BAGUIO CITY  – more than fifty-four thousand households in the remote areas of the Cordillera do not still have sanitary toilets to date, a top official of the Cordillera office of the Department of Health (DOH-CAR) said here recently.


DOH-CAR regional director Dr. Lakshmi Legaspi claimed that the 54,000 households represent at least 15 percent of the total households regionwide, and more than 307,000 households or 85 percent have their own sanitary toilets.

“We will try to achieve the mandated zero open defecation by 2022 through the aggressive implementation of our programs to empower residents in the countryside to have toilets for every household,” Legaspi stressed.

The DOH-CAR official claimed the agency is providing free ceramic toilet bowls for the residents in the remote areas of the region who do not yet have toilets as part of its all-out campaign to convince people to put up their own toilets for health and sanitation purposes so as not to contribute in the pollution of the environment through open defecation.
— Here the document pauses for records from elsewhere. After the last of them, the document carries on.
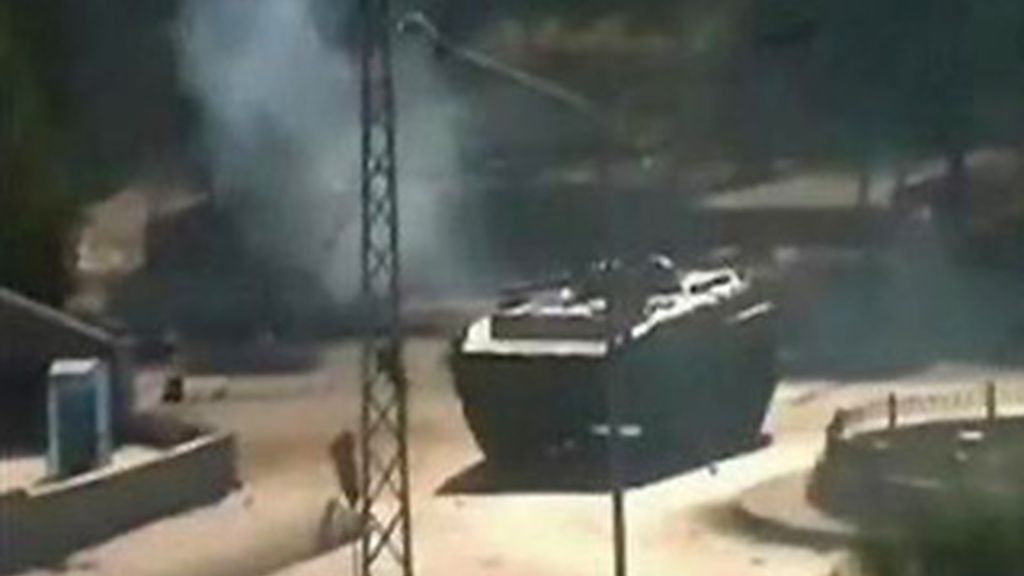 Un carro armado del ejército sirio en días pasados patrullando las calles de Hama, ciudad que protagonizó una importante ofensiva contra el régimen de Bashar al Assad.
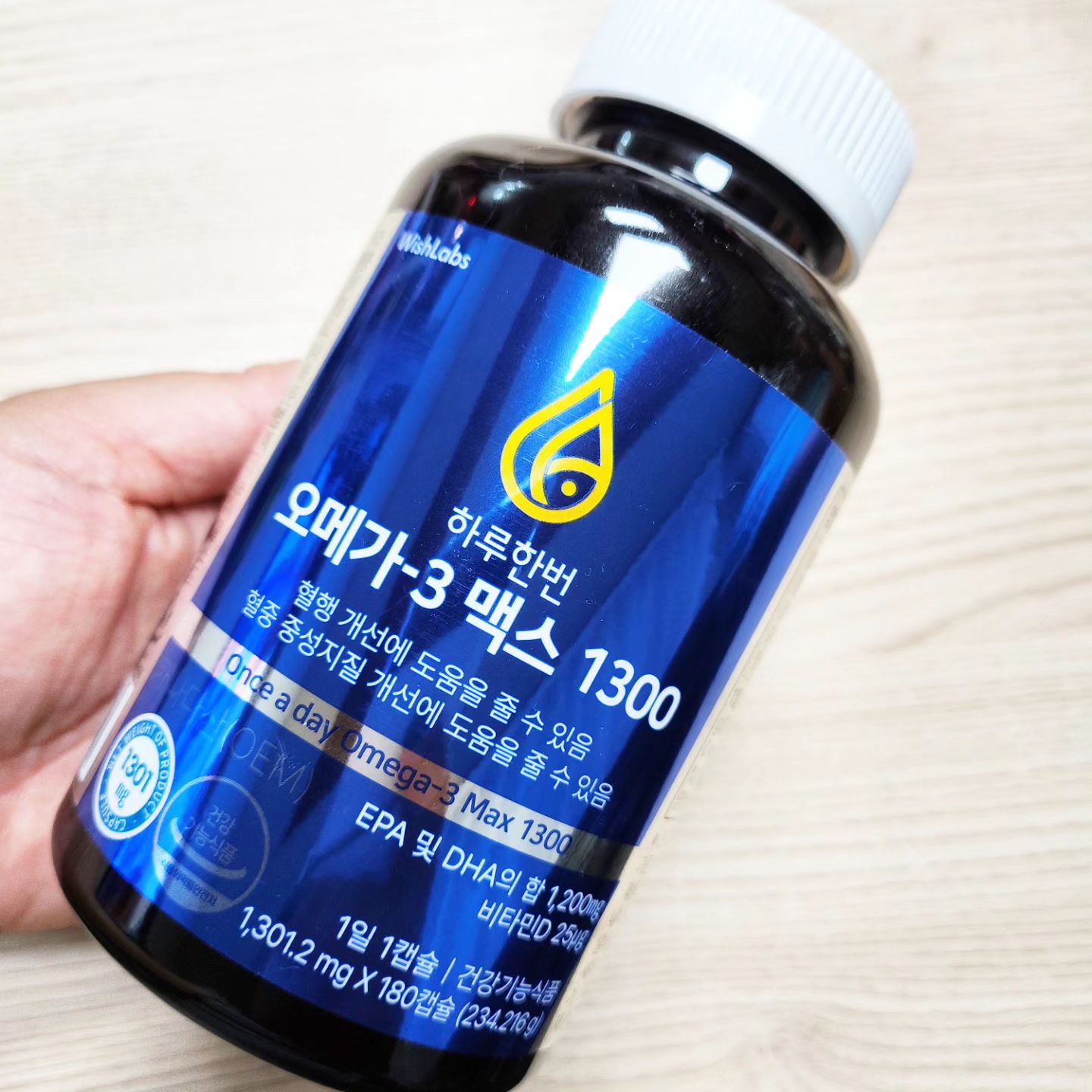 #협찬
순도 90% 이상의 오메가 3 EPA+DHA 1,200mg 함유된 하루한번 오메가-3 맥스1300
바쁜 일상속 불규칙한 생활과 기름진 육류 식사 위주로 점점 건강관리에 소홀하기 쉬운데
하루 한번 한알로 챙기는 프리미엄 오메가3
최상단 대형어종일수록 중금속 오염도가 높기에 최하단 소형어종 엔초비에서 오메가 3 추출하여 중금속 걱정도 덜한 프리미엄 캐나다산 오메가3
비타민 D3 1,000IU 함유까지 되있어 건강관리 간편하네요!

wishlabs_kr
#위시랩스 #오메가3 #안구건조 #피로감 #피곤함 #혈행개선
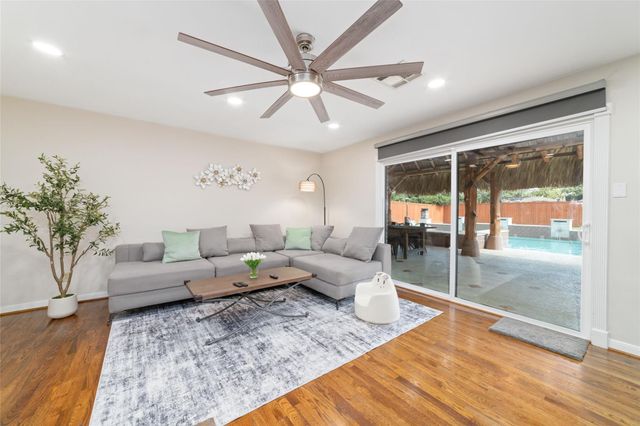 5727 Capello Dr, Houston, TX 77035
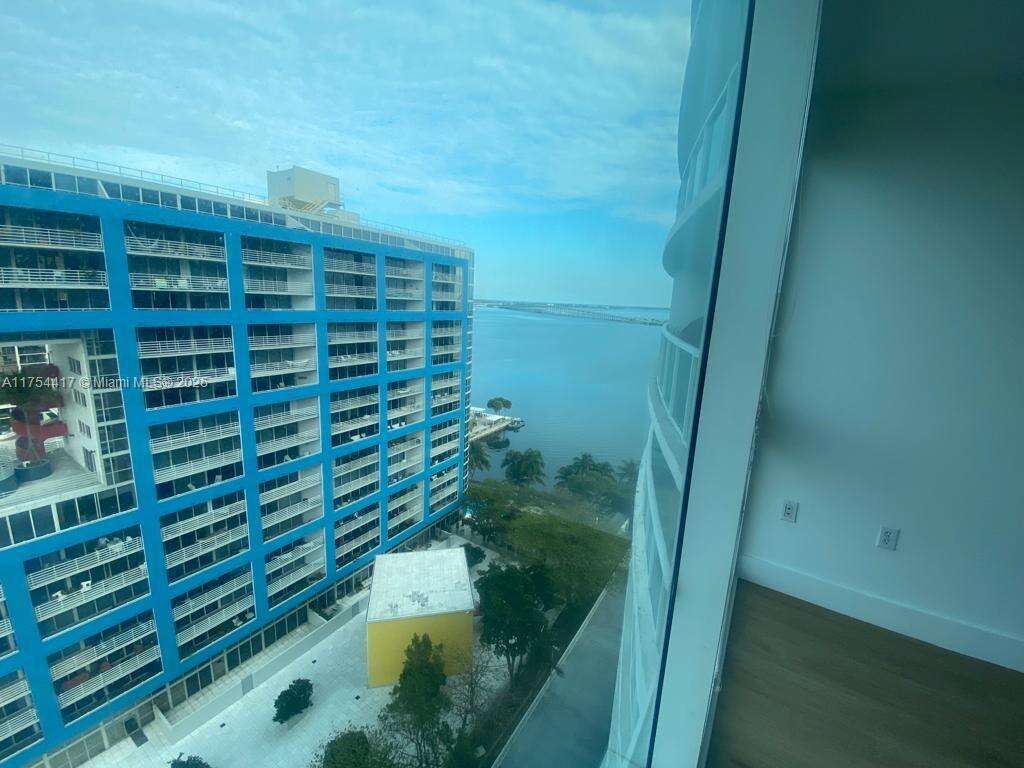 Skyline On Brickell at 2101 Brickell Ave, Miami, FL 33129 - For Sale photo 5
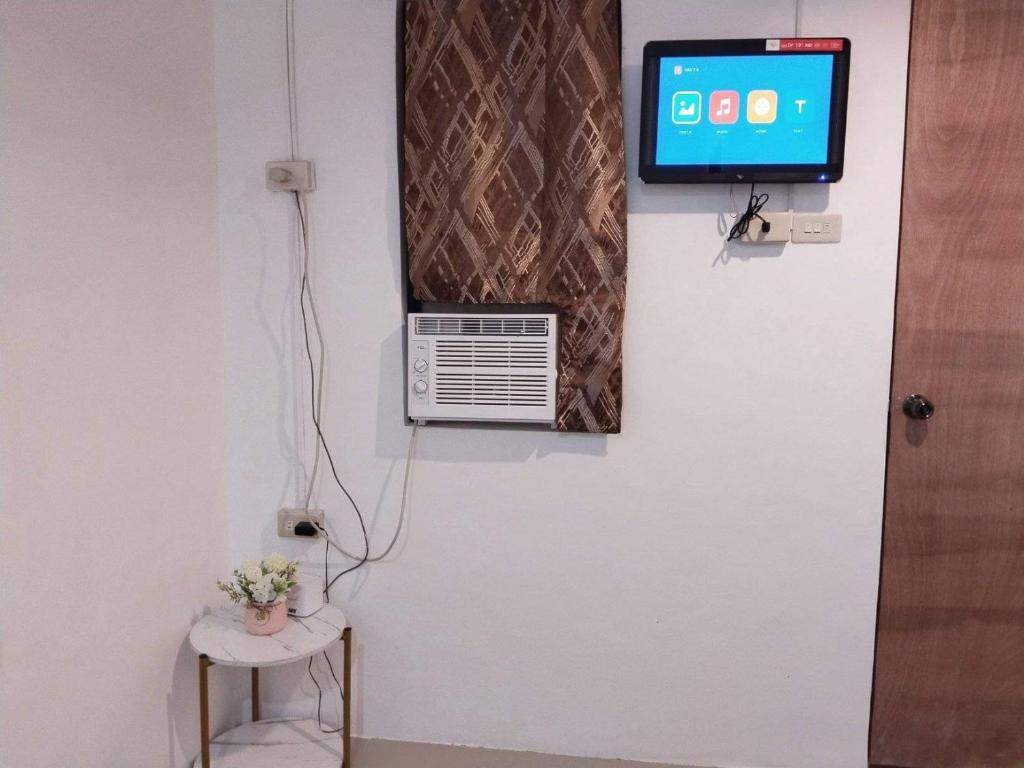 Jan's Pension House - Sibulan National Highway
DOH-CAR assistant regional director Amelita Pangilinan said that 70 percent of the region’s 1, 173 barangays have households in various sitios that still do not have sanitary toilets and health workers are doing their best to convince the concerned residents to put up their own toilets within their backyards.

Aside from the free ceramic toilet bowl being provided by the agency, Pangilinan claimed that for the poorest of the poor who cannot afford to purchase the required materials to construct their toilets, the Department of Social Welfare and Development (DSWD) is providing them financial assistance for the purchase of the necessary construction materials to be used for the putting up of their toilets.

According to her, open defecation by residents without toilets contribute to the pollution of the sources of potable water of the villages as the presence of fecal coliform in the said bodies of water is traceable to human feces being washed down to the said bodies of water during the rainy season.

DOH-CAR officials assured stakeholders they will try to work double time for the realization of their projected target of zero open defecation by 2022 considering the enormous support being provided by the government for the achievement of the agency’s target to convince residents to have at least one toilet in their houses.

She explained that the agency is also embracing the best practices of indigenous peoples (IPs) in the different parts of the region to help in convincing people to voluntarily build their toilets to address health and sanitation issues prevailing in their places.

However, Pangilinan emphasized that although there is a growing awareness among the IPs in the countryside on the need for them to put up their toilets for health and sanitation purposes, the agency must still aggressively implement its zero open defecation campaign to instill into the minds of the residents that something good must be done to improve the health condition of people living in the remote communities around the Cordillera.